Security
Application parameters: minimal and declared
Refer to this section for further information.
App permissions
Every app must declare a set of permissions it needs to run properly. These permissions must be minimal, and be declared not only in each app repository, but also listed in the Ledger app database.
The coherence between these permissions and the app Makefile
is verified as part of
Ledger guidelines enforcer GitHub workflow,
which is also a requirement.
Ledger will not deploy an app if its permissions have not been registered in Ledger app database.
Derivation path
The application derivation paths must be restricted to coin-specific BIP32 prefix, and declared in the Ledger app database.
The coherence between these derivation path and the app Makefile
is verified as part of
Ledger guidelines enforcer GitHub workflow,
which is also a requirement.
Ledger will not deploy an app if its derivation paths have not been registered in Ledger app database.
Ledger will not deploy apps whose BIP32 prefixes have not been properly set.

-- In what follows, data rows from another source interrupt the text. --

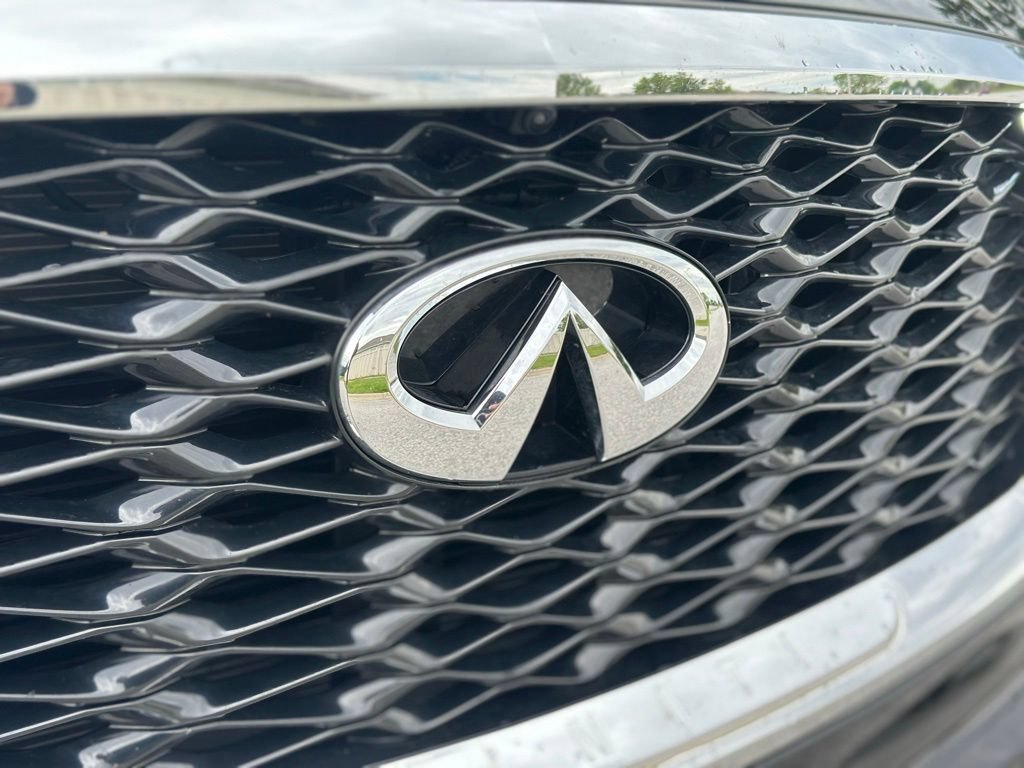 Used 2025 INFINITI QX60 Autograph w/ Cargo Package AWD/4WD image 11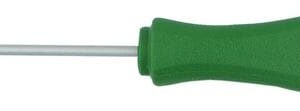 Šroubovák pro usnadnění montáže WAGO svorek s roztečí 3.5mm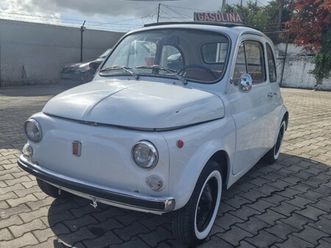 fiat 500 l março/80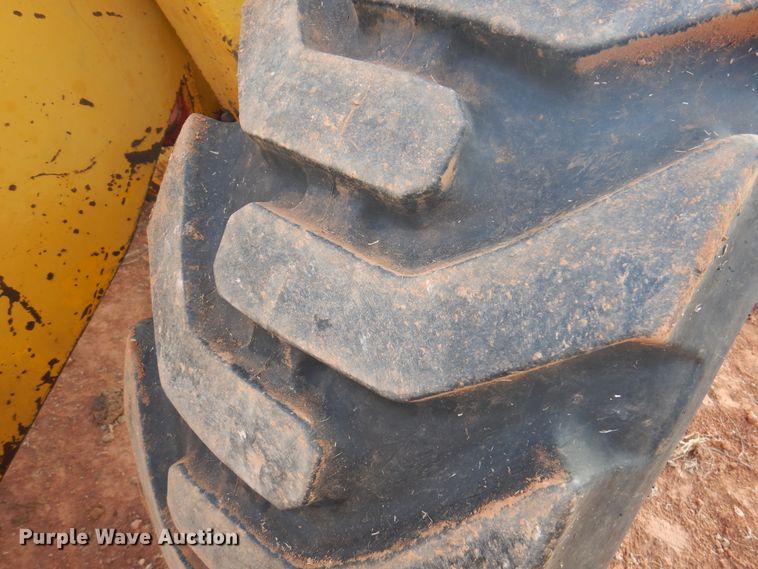 image for item EX9691 1969 Caterpillar 930  wheel loader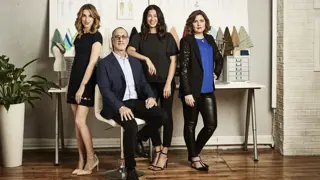 Poster for Project Runway: Fashion Startup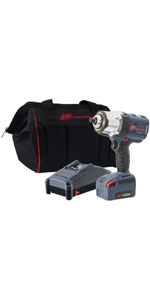 Ingersoll Rand W7152-K12 20V Impact Wrench Kit — image 8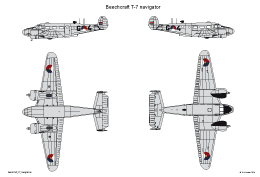 Afleverschema Hawker Seafury MLD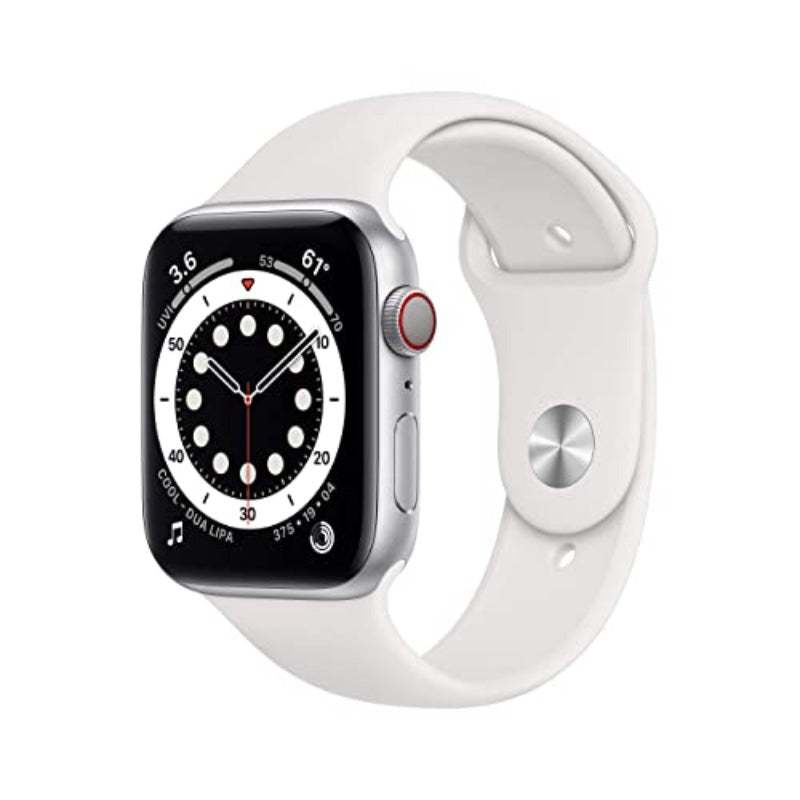 Apple watch Series 6 (GPS+LTE, 44MM) - Pre Loved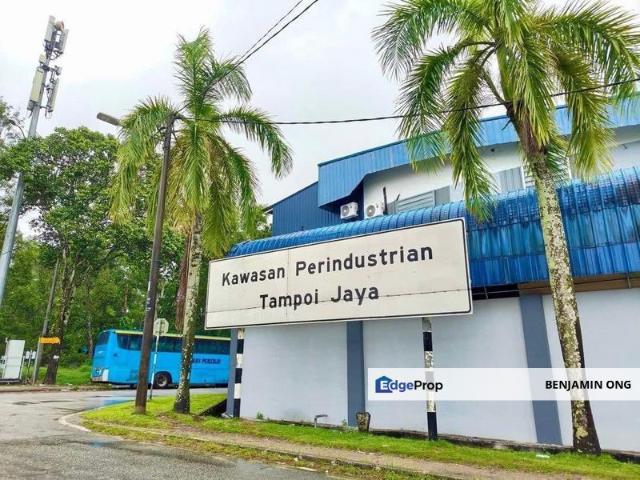 Warehouse for sale in Tebrau, Johor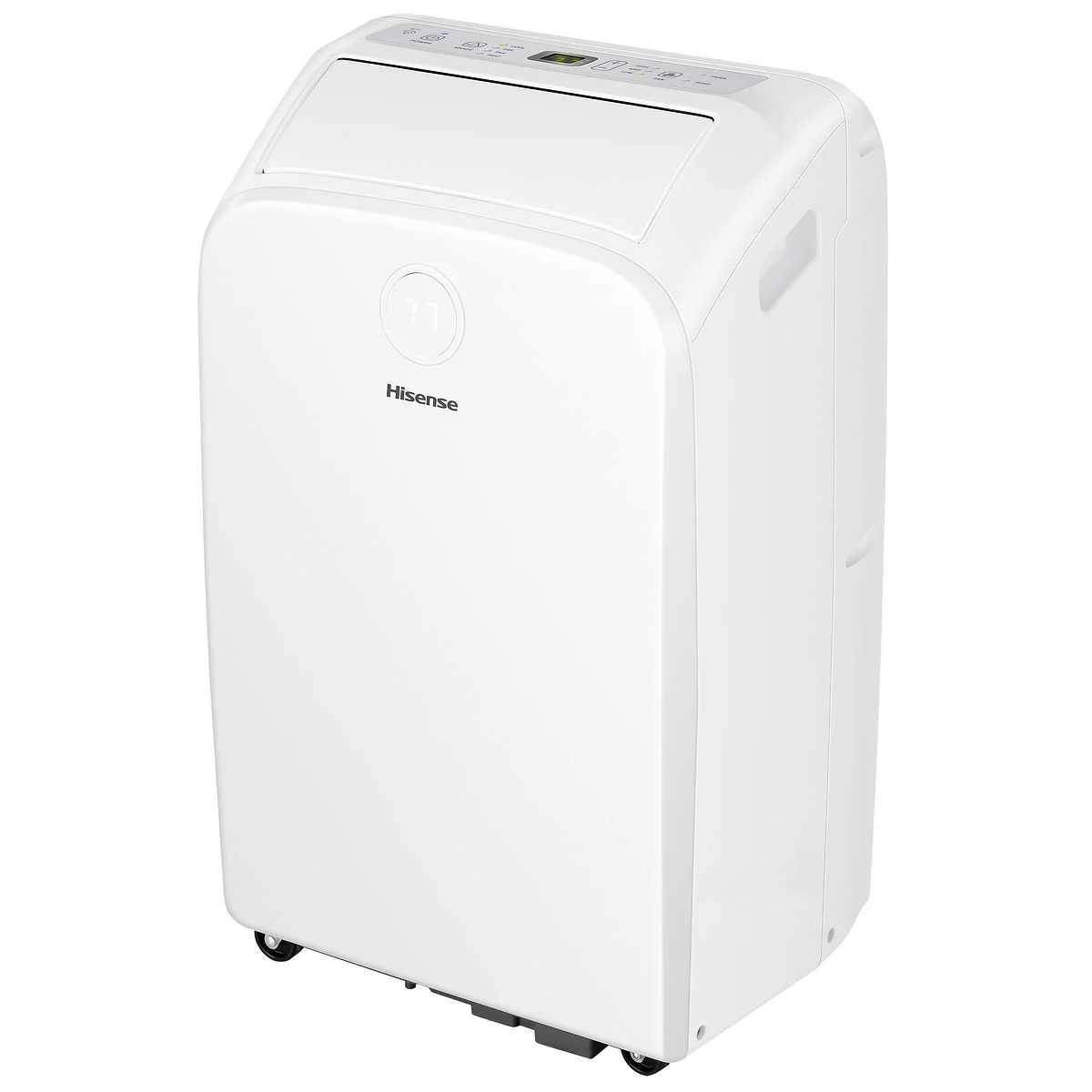 Restored Hisense Smart SACC 8,000 BTU Dual Hose Portable Air Conditioner (Refurbished)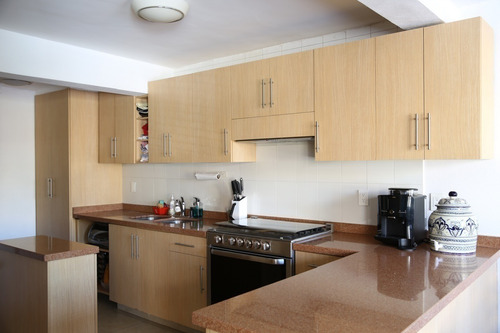Imagen 10 de 21 de Impecable Casa En Venta Con Terraza Colindando Con Vistaher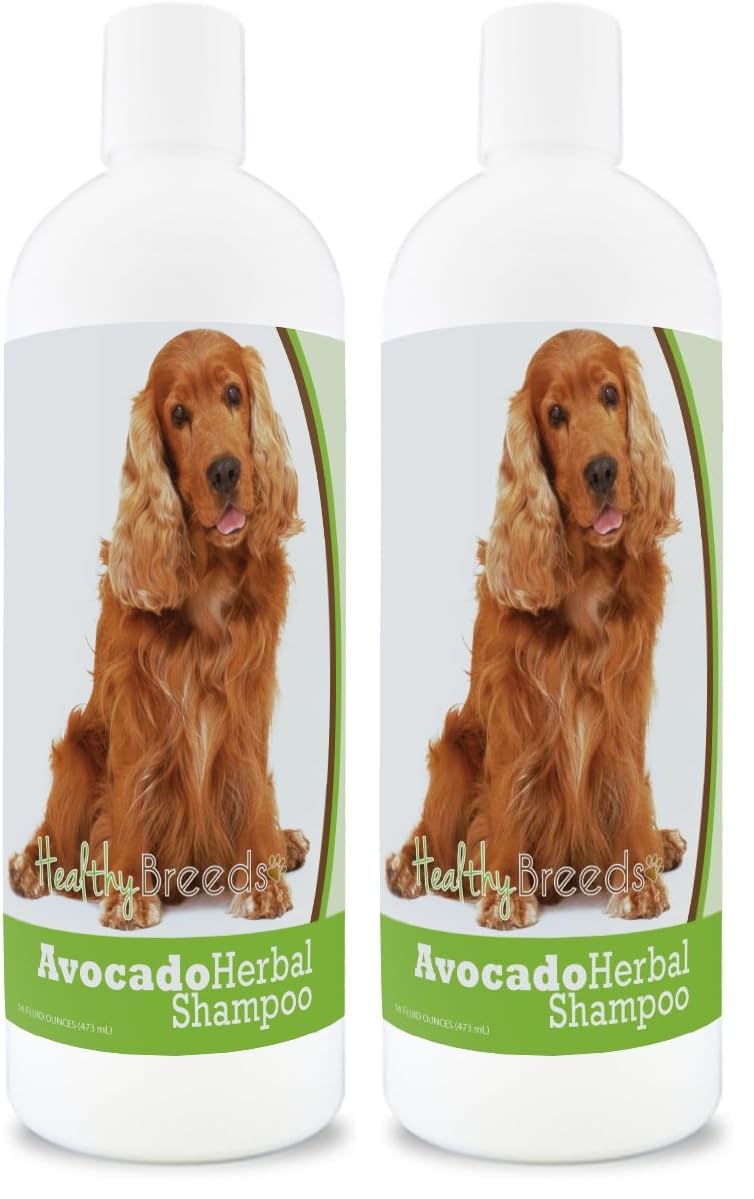 Healthy Breeds Labrador Retriever Avocado Herbal Dog Shampoo 16 oz — view 28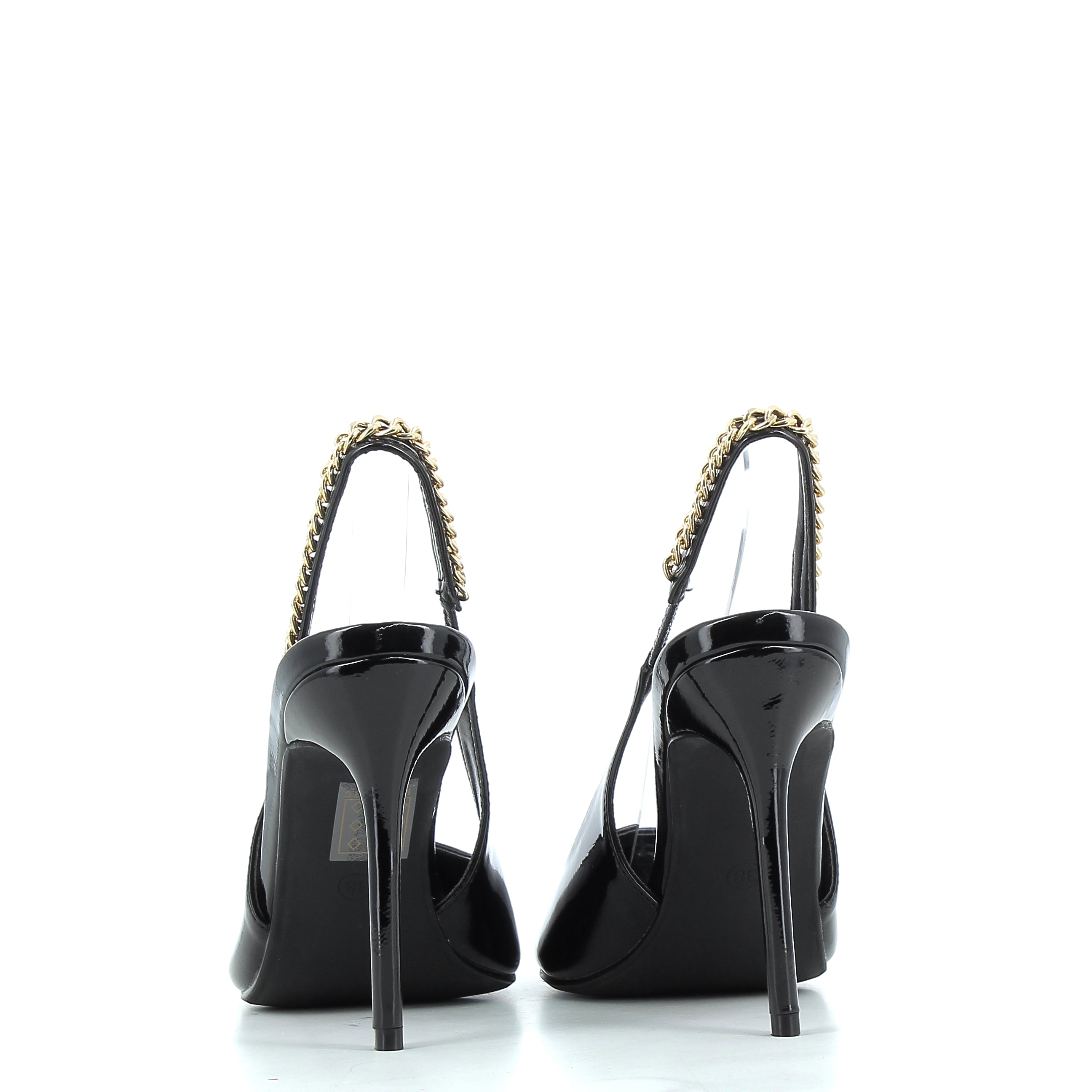 Buty damskie Hodea 25184XSP25 CZARNE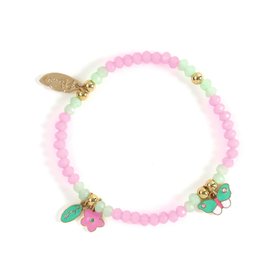 Djeco - Plume - Lila Bracelet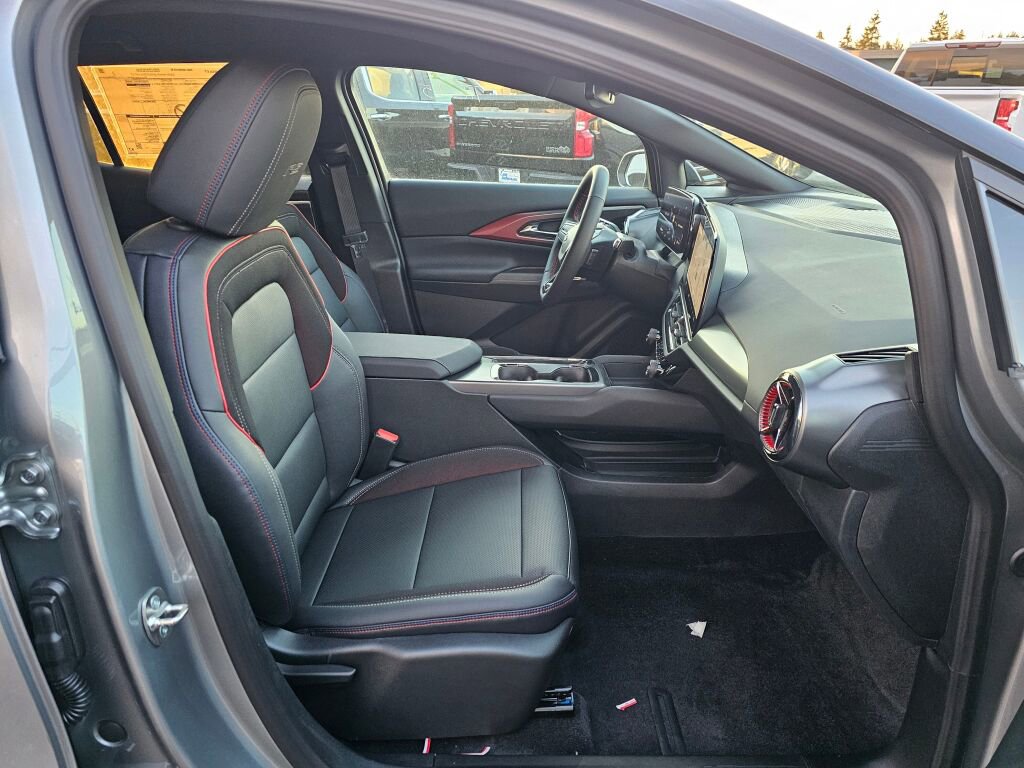New 2026 Chevrolet Equinox EV RS FWD image 27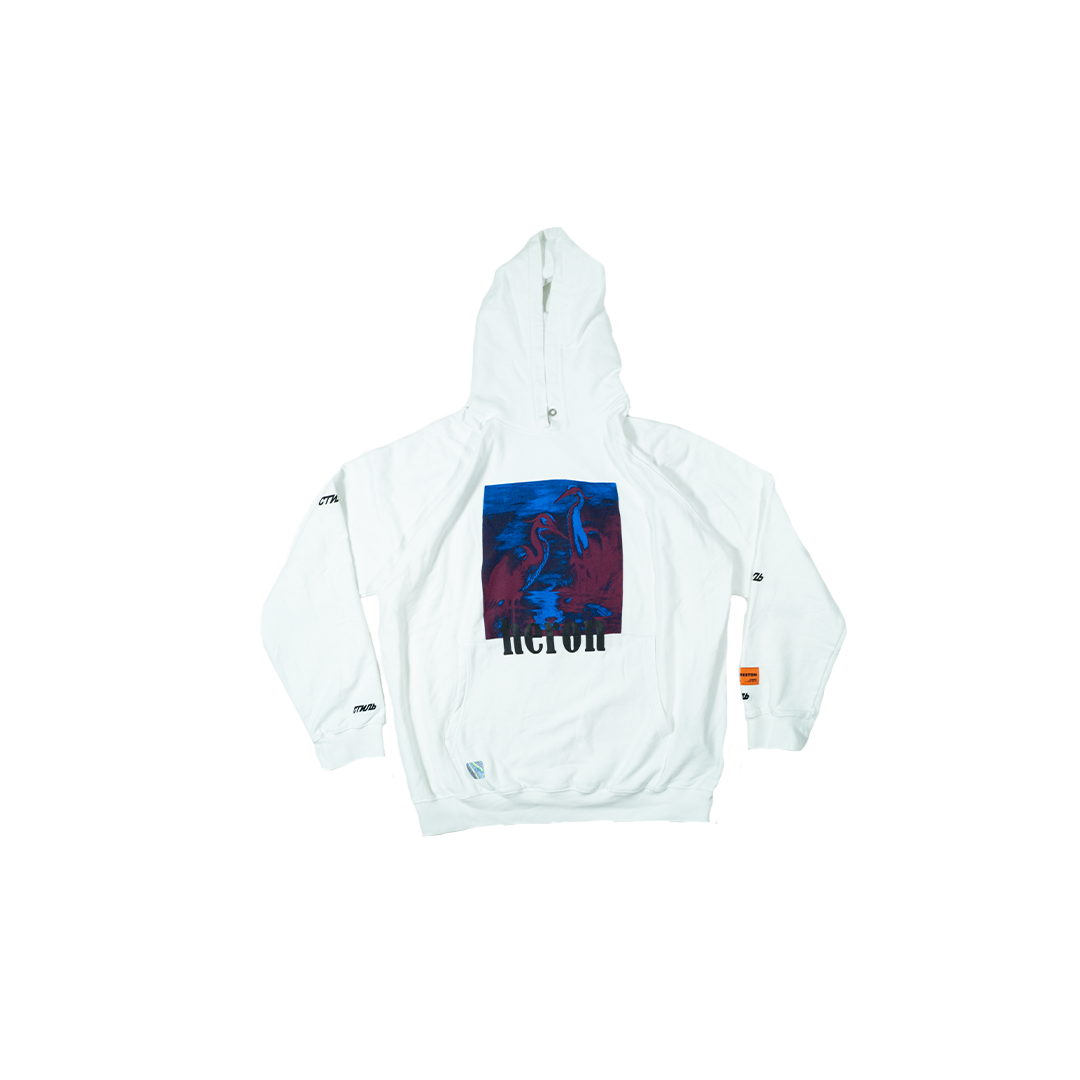 HERON PRESTON HOODIE
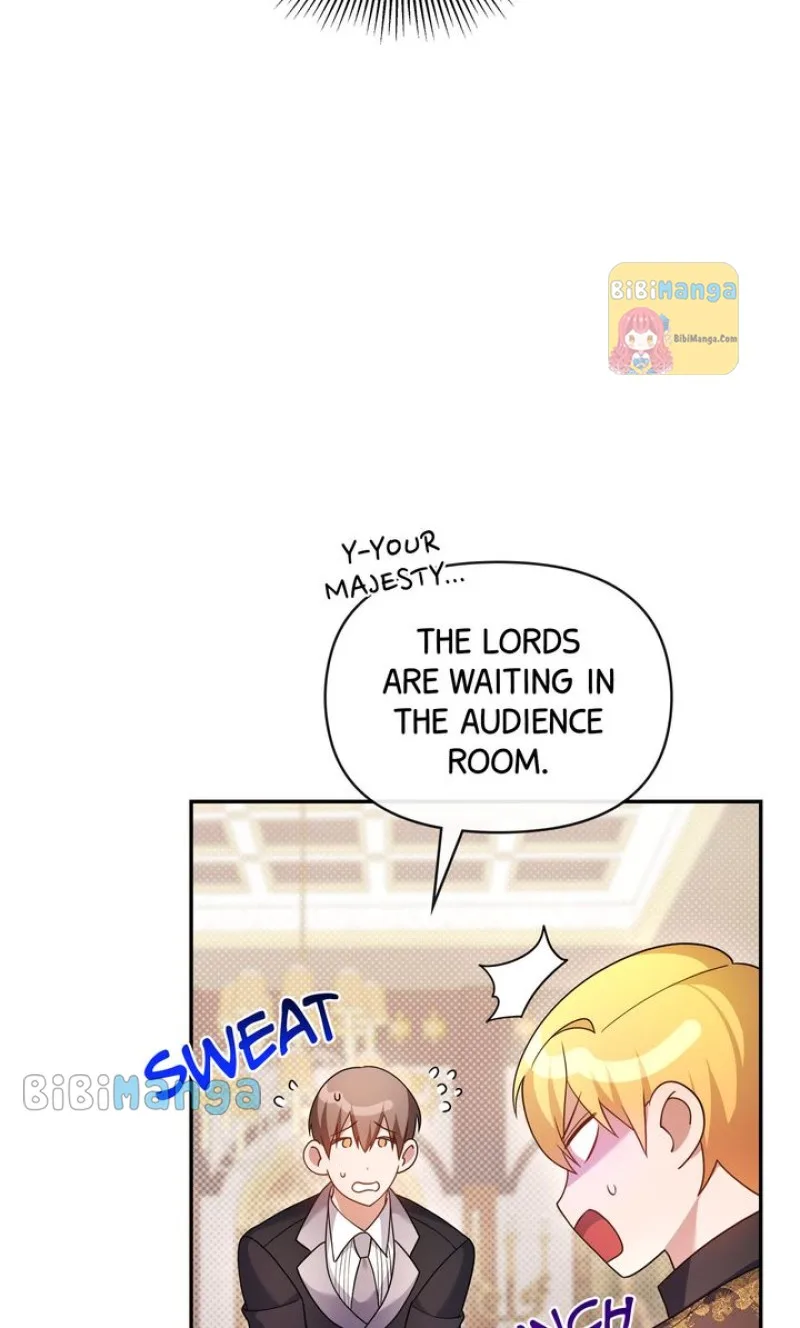 I Want To Become The Emperor, So I Need A Divorce Chapter 17 page 34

If your application derives keys on the hardened path 44’/60’ then the chainID parameter must be different from 0 or 1. This is necessary to avoid replaying transactions broadcoast on Ethereum-like chains on Ethereum. As a general recommendation, and to ensure a good level of privacy for the end user, we recommend to always use the correct coin type in the derivation path as defined in slip44
Signing settings
Signing
All signing transactions/messages action must ask for the user approval before happening.
More information here.
Blind Signing
As a general rule, blind signing should be avoided, however it is tolerated under some circumstances.
For every transaction, the users must be able to verify on the device the amount being transferred and the destination address or the validator/nominator address(es) in the case of a staking operation.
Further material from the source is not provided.